Hi Marc,

> -----Original Message-----
> From: Marc Lehmann [mailto:schm...@schmorp.de]
> Sent: Saturday, August 08, 2015 9:51 PM
> To: linux-f2fs-devel@lists.sourceforge.net
> Subject: [f2fs-dev] f2fs for SMR drives
> 
> Hi!
> 
> Sorry if this is the wrong address to ask about "user problems".
> 
> I am currently investigating various filesystems for use on drive-managed SMR
> drives (e.g. the seagate 8TB disks). These drives have characteristics not
> unlike flash (they want to be written in large batches), but are, of course,
> still quite different.
> 
> I initially tried btrfs, ext4, xfs which, not unsurprisingly, failed rather
> miserably after a few hundred GB, down to ~30mb/s (or 20 in case of btrfs).
> 
> I also tried nilfs, which should be an almost perfect match for this
> technology, but it performed even worse (I have no clue why, maybe nilfs
> skips sectors when writing, which would explain it).
> 
> As a last resort, I tried f2fs, which initially performed absolutely great
> (average write speed ~130mb/s over multiple terabytes).
> 
> However, I am running into a number of problems, and wonder if f2fs can
> somehow be configured to work right.
> 
> First of all, I did most of my tests on linux-3.18.14, and recently
> switched to 4.1.4. The filesystems were formatted with "-s7", the idea

'-s7' means that we configure seg_per_sec into 7, so our section size will
be 7 * 2M (segment size) = 14M, so no matter how we configure '-z' (section
number per zone), our allocation unit will not alignment to 256MB, so both
allocation and release unit in f2fs may across zone boundary in SMR driver,
which may cause low performance, is that right?

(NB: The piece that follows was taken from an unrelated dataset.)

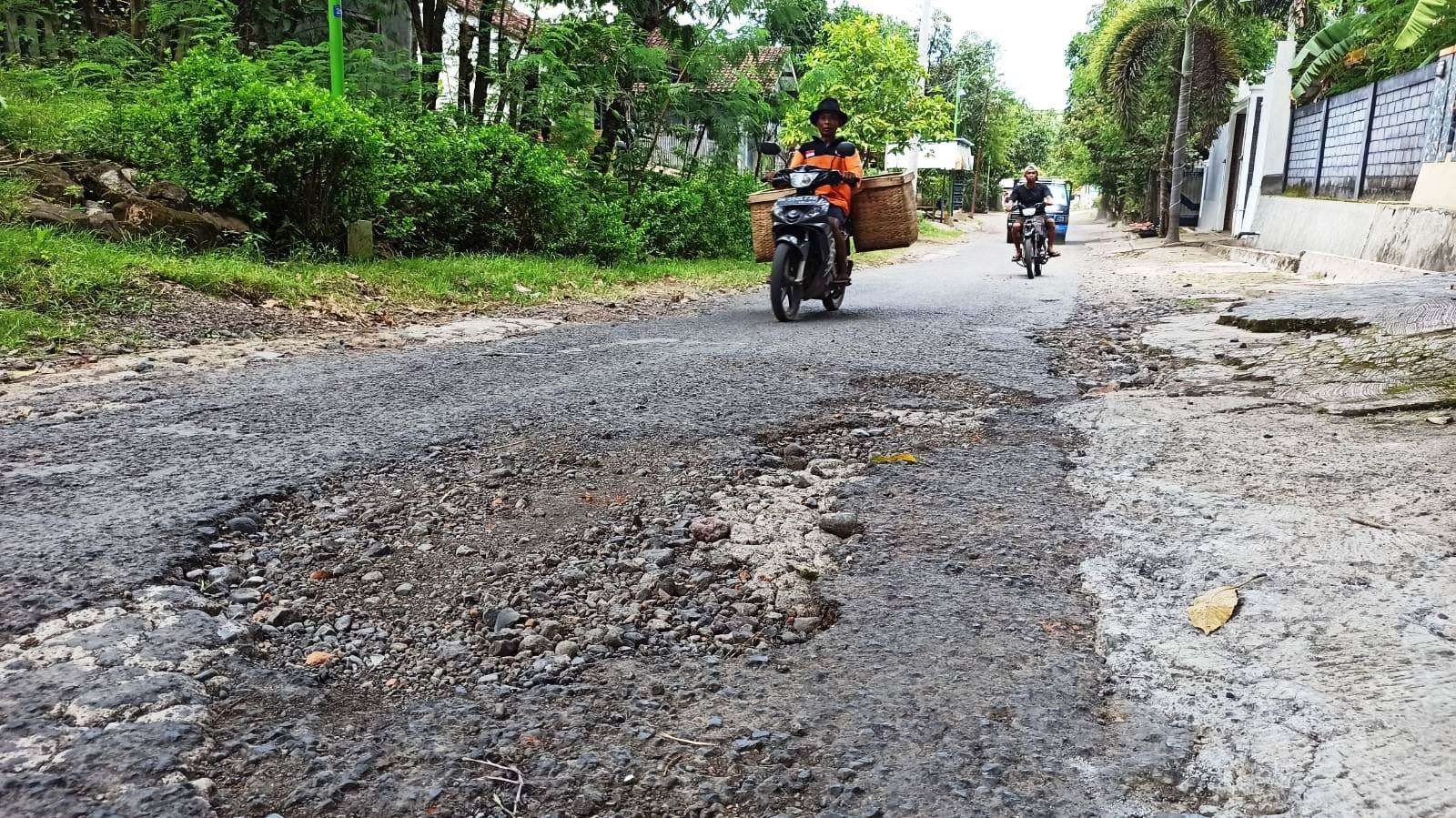 Pengguna motor melintas di Jalan Akasia, Giri, Banyuwangi, Jawa Timur. Akses jalan ini mengalami kerusakan cukup parah. (Foto: Muh Hujaini/Ngopibareng.id)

> being that writes always occur in 256MB blocks as much as possible, and
> most importantly, are freed in 256MB blocks, to keep fragmentation low.
> 
> Mount options included noatime or
> noatime,inline_xattr,inline_data,inline_dentry,flush_merge,extent_cache
> (I suspect 4.1.4 doesn't implement flush_merge yet?).
> 
> My first problem considers ENOSPC problem - I was happily able to write to a
> 100% utilized filesystem with cp and rsync continuing to write, not receiving
> any error, but no write activity occuring (and the files never ending up on
> the filesystem). Is this a known bug?

I have no SMR device, so I have to use hard disk for testing, I can't reproduce
this issue with cp in such device. But for rsync, one thing I note is that:

I use rsync to copy 32g local file to f2fs partition, the partition is with
100% utilized space and with no available block for further allocation. It
took very long time for 'the copy', finally it reported us there is no space.

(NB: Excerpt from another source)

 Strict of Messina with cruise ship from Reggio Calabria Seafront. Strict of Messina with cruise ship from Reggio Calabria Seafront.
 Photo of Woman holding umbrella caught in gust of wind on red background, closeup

I did same test with ext4 filesystem, it toke very short time to report us
ENOSPC.

As I investigate, the main flow of copy used by rsync is:
1. open src file
2. create tmp file in dst partition
3. copy data from src file to tmp file
4. rename tmp file to dst

a) In ext4, we reserve space separately for data block and inode, if data
block resource is exhausted (it makes df showing utilization as 100%), in
this partition, we can't write new data, but we can still create file as
creating only grab inode space in ext4, not block space. So this makes rsync
failing in step 3, and return error immediately.
b) In f2fs, we use inode/data block space mixedly, so when data block number
is zero, we can't create any file in f2fs. It makes rsync failing in step 2,
and leads it runs into discard_receive_data function which will still
receiving the whole src file. This makes rsync process keeping writing but
generating no IO in f2fs filesystem.

Fininally, I make one block space in f2fs by removing one file, this makes
f2fs passing step 2 and return error immediately in step 3 like ext4.

Can you please help to check that in your environment the reason of rsync
without returning ENOSPC is the same as above?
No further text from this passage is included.